Le pire, dans l'histoire, c'est qu'on ne parvient pas à détester Thomas Bishop, en dépit des choses insoutenables qu'il est capable de faire et de son évidente inhumanité. C'est bien dans ce point que réside le côté anti-manichéen de l'histoire : chaque personnage a sa part d'ombre, c'est un fait, mais Thomas Bishop, peut-être encore plus que les autres, oblige à une certaine forme d'admiration. pas pour ce qu'il fait, bien entendu, pas pour cette folie meurtrière qui l'habite, mais pour l'intelligence hors norme dont il fait preuve tout au long du livre. Car bien que malade mental ayant passé sa vie interné, Bishop est un génie : de l'évasion, de la dissimulation, du mensonge, de la débrouille, de l'invention et du détournement. Bref, un génie qui excelle dans mille domaines, ce qui conditionne bien entendu le statut hors norme qu'il acquiert durant les quelque dix années au cours desquels il sévit.
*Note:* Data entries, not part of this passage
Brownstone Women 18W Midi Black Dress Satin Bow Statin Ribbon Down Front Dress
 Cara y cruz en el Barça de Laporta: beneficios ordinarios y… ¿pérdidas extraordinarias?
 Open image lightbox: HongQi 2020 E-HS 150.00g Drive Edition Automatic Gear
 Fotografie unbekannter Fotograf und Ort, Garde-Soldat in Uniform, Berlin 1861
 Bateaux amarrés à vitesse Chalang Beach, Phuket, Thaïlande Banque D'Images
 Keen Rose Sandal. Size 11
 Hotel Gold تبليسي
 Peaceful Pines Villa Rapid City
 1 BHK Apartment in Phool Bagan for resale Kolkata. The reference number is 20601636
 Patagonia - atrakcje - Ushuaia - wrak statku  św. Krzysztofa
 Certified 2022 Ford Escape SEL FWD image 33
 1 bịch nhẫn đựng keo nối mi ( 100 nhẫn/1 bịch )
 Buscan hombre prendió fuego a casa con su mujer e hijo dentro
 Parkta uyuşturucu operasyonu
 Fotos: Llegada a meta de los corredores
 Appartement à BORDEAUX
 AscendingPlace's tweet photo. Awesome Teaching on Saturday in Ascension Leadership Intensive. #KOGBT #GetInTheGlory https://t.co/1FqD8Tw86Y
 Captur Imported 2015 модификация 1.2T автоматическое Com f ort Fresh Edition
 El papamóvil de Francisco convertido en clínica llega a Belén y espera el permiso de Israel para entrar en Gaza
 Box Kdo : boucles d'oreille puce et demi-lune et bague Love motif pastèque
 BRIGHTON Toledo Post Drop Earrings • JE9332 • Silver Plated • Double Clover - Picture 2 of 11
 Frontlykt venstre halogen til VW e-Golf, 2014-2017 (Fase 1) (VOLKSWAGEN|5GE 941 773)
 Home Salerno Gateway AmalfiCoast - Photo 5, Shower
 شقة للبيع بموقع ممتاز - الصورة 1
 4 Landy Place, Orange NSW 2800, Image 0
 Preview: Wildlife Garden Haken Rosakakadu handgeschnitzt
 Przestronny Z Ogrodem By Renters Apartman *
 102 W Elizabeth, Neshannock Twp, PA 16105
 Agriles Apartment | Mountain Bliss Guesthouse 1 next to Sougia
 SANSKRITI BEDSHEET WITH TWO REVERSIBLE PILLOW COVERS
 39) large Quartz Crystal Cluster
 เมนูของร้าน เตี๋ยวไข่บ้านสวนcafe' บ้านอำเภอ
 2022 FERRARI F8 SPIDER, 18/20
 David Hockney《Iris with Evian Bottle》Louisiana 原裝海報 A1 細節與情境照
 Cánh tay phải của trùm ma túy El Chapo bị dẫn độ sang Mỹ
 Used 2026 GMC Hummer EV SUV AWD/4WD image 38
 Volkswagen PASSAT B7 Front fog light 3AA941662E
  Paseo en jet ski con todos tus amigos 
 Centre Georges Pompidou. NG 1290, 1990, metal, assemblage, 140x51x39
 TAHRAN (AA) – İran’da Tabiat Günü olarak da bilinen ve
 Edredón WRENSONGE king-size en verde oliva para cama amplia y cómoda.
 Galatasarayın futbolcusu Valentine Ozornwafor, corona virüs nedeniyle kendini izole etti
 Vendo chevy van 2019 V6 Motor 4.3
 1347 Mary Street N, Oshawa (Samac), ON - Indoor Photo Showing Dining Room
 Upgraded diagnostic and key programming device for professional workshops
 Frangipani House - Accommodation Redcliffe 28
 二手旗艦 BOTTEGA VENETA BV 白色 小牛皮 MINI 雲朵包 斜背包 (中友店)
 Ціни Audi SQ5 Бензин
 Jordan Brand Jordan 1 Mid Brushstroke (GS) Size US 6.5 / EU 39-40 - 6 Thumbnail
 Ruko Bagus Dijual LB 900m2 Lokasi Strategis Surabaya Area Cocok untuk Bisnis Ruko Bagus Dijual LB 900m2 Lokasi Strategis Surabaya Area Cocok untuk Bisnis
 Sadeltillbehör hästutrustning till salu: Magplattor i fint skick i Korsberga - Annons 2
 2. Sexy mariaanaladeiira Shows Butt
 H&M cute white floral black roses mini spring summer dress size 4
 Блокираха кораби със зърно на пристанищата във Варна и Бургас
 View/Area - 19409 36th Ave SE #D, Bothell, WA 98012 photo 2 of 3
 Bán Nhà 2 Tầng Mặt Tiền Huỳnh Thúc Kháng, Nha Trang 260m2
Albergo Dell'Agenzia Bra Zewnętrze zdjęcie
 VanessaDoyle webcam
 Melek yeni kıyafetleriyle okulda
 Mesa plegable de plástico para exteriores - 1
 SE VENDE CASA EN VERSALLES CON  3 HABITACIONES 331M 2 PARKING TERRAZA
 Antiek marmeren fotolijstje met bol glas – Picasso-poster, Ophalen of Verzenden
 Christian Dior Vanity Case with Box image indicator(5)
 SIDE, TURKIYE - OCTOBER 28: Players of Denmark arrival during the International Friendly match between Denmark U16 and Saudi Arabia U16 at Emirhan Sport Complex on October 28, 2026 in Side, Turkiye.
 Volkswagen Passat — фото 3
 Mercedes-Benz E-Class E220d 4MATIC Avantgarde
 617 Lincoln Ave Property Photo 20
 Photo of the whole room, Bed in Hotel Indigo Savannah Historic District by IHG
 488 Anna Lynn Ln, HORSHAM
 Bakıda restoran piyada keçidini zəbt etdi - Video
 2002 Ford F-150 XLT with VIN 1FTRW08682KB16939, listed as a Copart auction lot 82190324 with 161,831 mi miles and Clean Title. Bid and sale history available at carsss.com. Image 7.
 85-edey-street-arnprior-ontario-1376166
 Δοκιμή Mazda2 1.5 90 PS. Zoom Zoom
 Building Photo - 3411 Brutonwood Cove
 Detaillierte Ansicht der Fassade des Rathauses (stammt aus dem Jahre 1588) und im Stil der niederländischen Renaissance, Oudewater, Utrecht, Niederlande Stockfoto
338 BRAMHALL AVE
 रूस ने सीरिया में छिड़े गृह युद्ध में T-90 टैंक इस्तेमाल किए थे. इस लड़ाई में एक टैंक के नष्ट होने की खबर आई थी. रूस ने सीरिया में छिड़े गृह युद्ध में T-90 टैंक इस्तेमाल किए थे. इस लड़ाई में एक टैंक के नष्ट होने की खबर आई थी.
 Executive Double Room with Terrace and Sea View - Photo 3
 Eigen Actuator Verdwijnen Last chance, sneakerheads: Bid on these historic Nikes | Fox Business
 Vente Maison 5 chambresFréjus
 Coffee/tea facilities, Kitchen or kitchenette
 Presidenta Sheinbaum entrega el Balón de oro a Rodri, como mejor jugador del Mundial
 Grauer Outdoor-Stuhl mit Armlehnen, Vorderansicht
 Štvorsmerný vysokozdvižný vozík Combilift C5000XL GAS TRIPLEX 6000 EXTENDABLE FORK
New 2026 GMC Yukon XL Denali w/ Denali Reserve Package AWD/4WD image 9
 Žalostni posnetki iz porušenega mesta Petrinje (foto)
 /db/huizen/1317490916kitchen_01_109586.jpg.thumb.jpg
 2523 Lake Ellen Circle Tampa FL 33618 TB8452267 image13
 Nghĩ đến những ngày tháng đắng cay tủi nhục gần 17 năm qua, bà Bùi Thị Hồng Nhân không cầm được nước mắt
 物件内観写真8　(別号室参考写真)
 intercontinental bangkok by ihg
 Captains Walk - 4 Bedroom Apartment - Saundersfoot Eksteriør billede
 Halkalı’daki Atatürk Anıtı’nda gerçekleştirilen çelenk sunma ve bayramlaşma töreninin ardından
Et surtout, la question de ses limites ne cesse de hanter le lecteur tout au long du livre : comment imaginer qu'il est possible de faire encore pire que ce qui vient d'arriver ? Est-ce même possible ? Comment même, tout simplement, concevoir d'en arriver là, au tout début du voyage sanguinaire de Bishop. En tout cas, Shane Stevens sait ménager son petit effet et y aller crescendo, sans bridage, sans limite et sans censure, un peu à l'image du personnage qu'il a créé.

Thomas Bishop est sans conteste l'incarnation du mal absolu, un être incroyable et terrifiant, un personnage aux multiples facettes, à l'intelligence hors norme, mais surtout à la dangerosité sans limite. La seule limite, peut-être : celle de sa folie, prête à le conduire à sa perte.
Il y avait bien longtemps que je n'avais pas pris autant de plaisir à lire un roman, bien qu'ayant été un peu intimidé par le pavé de 900 pages qu'"Au-delà du mal" représente.
Car tous les ingrédients d'un très bon polar sont réunis : une histoire extrêmement bien pensée, un style qui rend la lecture fluide et très agréable, des personnages charismatiques, attachants aussi bien que repoussants. le tout agrémenté de multiples rebondissements, fausses pistes et coups de Trafalgar.
Il m'est même arrivé de penser à plusieurs reprises que pour être aussi méticuleux, aussi précis et surtout aussi dingue pour imaginer une telle histoire, peut-être y avait-il une part d'autobiographie dans ce roman.
Quoi qu'il en soit, après m'être autant régalé, je ne peux que vous conseiller la lecture de ce brillant bijou. Je le recommande vivement et sans aucune hésitation aux amateurs de polars. Âmes sensibles s''abstenir.